As we can see, it is the anti-thesis of efficient market hypothesis as it is predicated on irrational market behavior. While it may not confirm to standard finance theories, momentum concept has worked in the past especially for traders or investors with a short time span. However, we should not confuse it with trend following as taught in technical analysis course. While trend following looks at absolute price changes, momentum is a relative concept i.e., it looks at increases or decreases of a particular stock in relation to its peer group. This is where the story gets interesting. If you think about it, buying stocks consistently that has gone up relative to its peers and selling stocks that has gone down consistently relative to peers is akin to keeping your winners and shunning your losers. While many investors and fund managers may not call their strategy as momentum, they are exactly doing that to reap benefits. Momentum strategy is as much behavioral as it is technical as only that can explain the “herd mentality” of investors.
The key questions to ask are:
What tools to use to apply momentum? Or How to use one?
In what context can it work?
How to lace a portfolio strategy around it?

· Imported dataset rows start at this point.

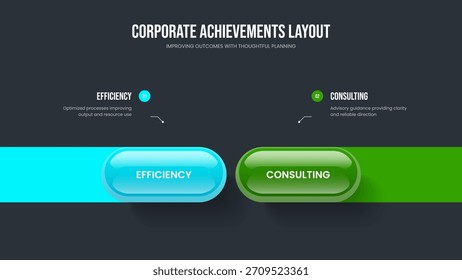 Company Development 2 Element Infographic Slide Layout. Financial Strategy Presentation Design Vector Illustration. Service Forecast Two Step Diagram Frame Template.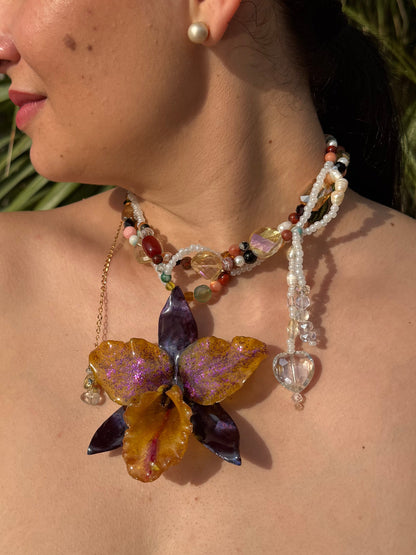 Aurora Carnival Cattleya Golden Cattleya Orchid Necklace – Purple Iridescent Petals & Multicolor Crystal & Gemstone Beads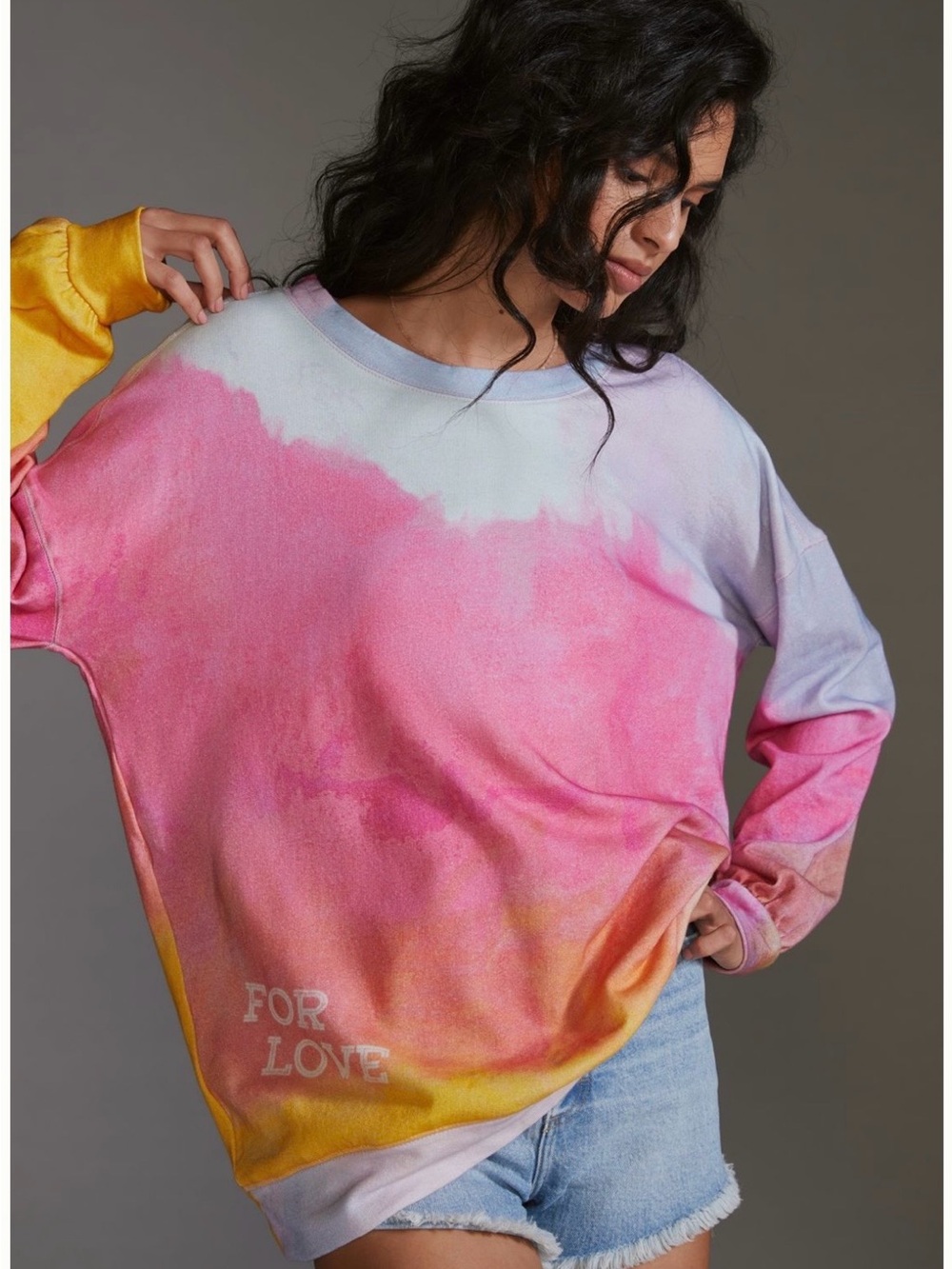 Anthropologie Tie-Dye Crewneck Sweatshirt in Pink, Yellow, Lavender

Of course, momentum is chart gazing and does not involve fundamental analysis. Some argue that it can at best be a screener and should be reinforced with fundamental research. That would be taking away the concept, though I see no reason why one should not do it. There are several tools available like MACD, RSI, Stochastic Oscillator, Candlesticks, etc (Did I say it is not technical analysis?). These tools will enable one to calculate the speed of change and act accordingly. Investors can define times to apply momentum factor. For eg., it can be defined as a day wherein one will buy stocks that has gone up during the day and sell stocks that has gone down, etc. The time frame can also be say past 1 year in which case the game changes from trading to investing.

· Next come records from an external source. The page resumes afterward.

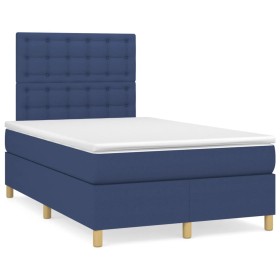 Box spring bed with mattress and LED lights, blue fabric, 120x190 cm. by , Beds and slatted bases - Ref: Foro24-3270280, Pric...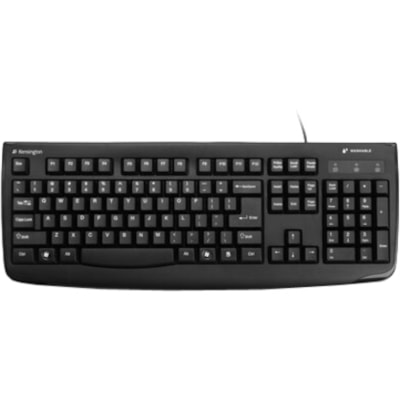 Kensington Pro Fit USB Washable Keyboard - Cable Connectivity - USB Interface - 104 Key Hot Key(s) - Rugged - English - Desktop Computer - Windows, Mac OS, ChromeOS - Black  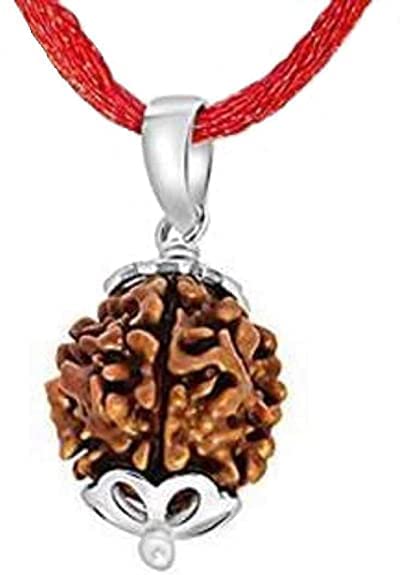 HaridwarDivine 3 Mukhi Indian Rudraksha with Silver Pendant Natural Brown Lab Certified for Men and women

However, in order to buy with conviction stocks that have gone up recently one should also bet on low volatility. Because high volatility will cause frequent contra trades thereby increasing trading costs reducing strategy returns. Essentially, momentum works very well when volatility is either low or when periods of high volatility tends to be clustered together. If one observes carefully VIX, a great volatility indicator, it does go through long periods of low volatility providing immense opportunity for momentum investors. Since the pretext of momentum investing is based on irrationality, market inefficiency also acts as a good context. Most of the emerging markets qualify as inefficient markets, meaning where prices are not fully reflecting all the news and information about the stock. In the Indian context, the markets have exhibited several highs during the last 10 years as seen from the table. However, what is interesting to note is that they tend to cluster around and this is what provides the needed opening for momentum investors.

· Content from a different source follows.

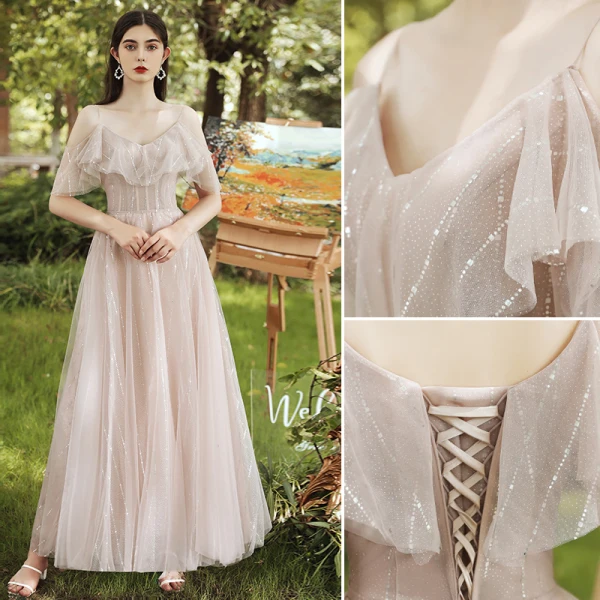 Schlicht Schöne Rosa Brautjungfernkleider 2021 A Linie Rundhalsausschnitt Strass Pailletten Kurze Ärmel Rückenfreies Lange Brautjungfer Kleider Für Hochzeit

While momentum has proven to be a useful strategy, given its chart-based nature, there is a tendency to look down on this as a not so solid strategy that survives finance theory like factor based investing. In a recent research published by Research Affiliates, it was stated that “No U.S.-benchmarked mutual fund with “momentum” in its name has cumulatively outperformed its benchmark since inception, net of fees and expenses”, though it must be said that it was based on a relatively small set of samples.
From a portfolio strategy point of view, the following options emerge:
Create your own momentum portfolio by following the tools like RSI with a defined period (say 3 months or 1 year). This is a hands-on approach and may involve significant time and energy.
Invest in mutual funds or ETF’s that envelop momentum as a strategy. For e.g., one can focus on no load mutual funds with the best performance over the trailing 12 months.
An integrated portfolio approach where share of momentum based strategies will be in relation to levels of volatility. When volatility spikes, allocate less to momentum and vice versa.
When I googled for “famous momentum investors”, I could not get a neat list before me. This shows that the strategy still is not mainstream and clear-cut like say value or growth. It is worth noting that Newton, perhaps the smartest person to walk this planet, lost a fortune in the South Sea Bubble in the 1700s. His famous quote was that he, “could calculate the motions of the heavenly bodies, but not the madness of the people” (Larry Swedroe). Happy Investing!